■ Supplied material:

++++++++++++++++++++

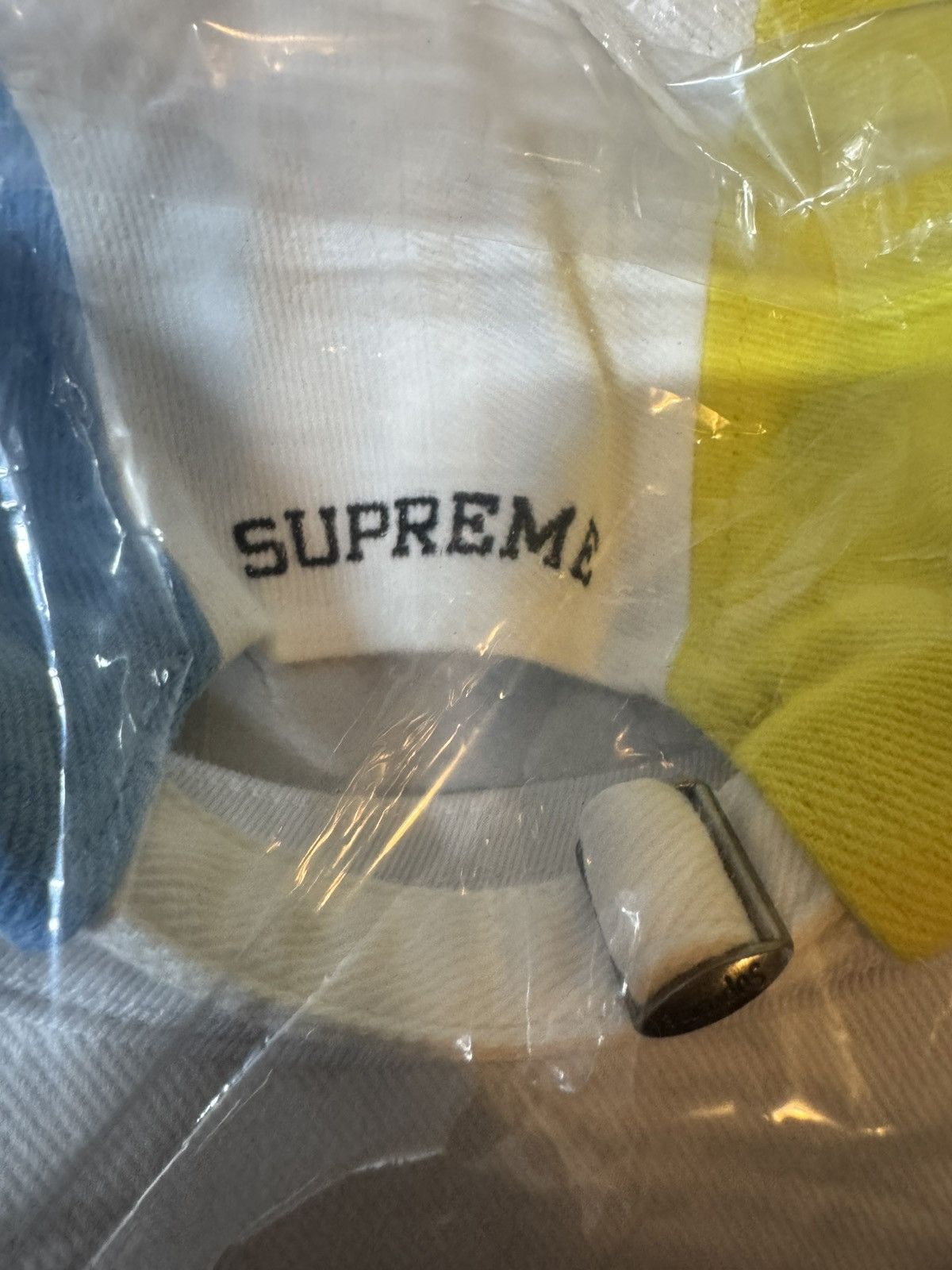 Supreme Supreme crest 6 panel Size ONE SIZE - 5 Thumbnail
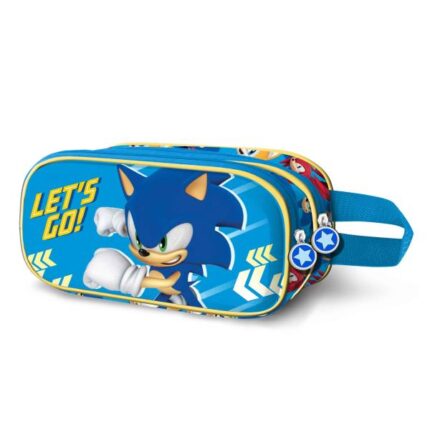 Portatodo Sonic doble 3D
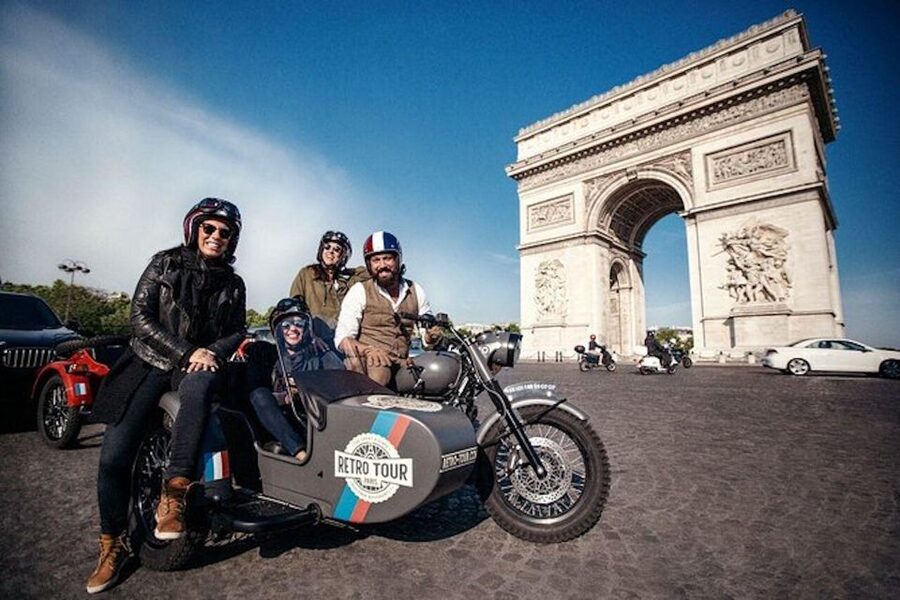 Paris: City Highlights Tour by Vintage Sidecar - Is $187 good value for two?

++++++++++++++++++++

Copy the data exactly. Pictures do not belong in the copy.

 Supreme Supreme crest 6 panel Size ONE SIZE - 5 Thumbnail
 Portatodo Sonic doble 3D
 Paris: City Highlights Tour by Vintage Sidecar - Is $187 good value for two?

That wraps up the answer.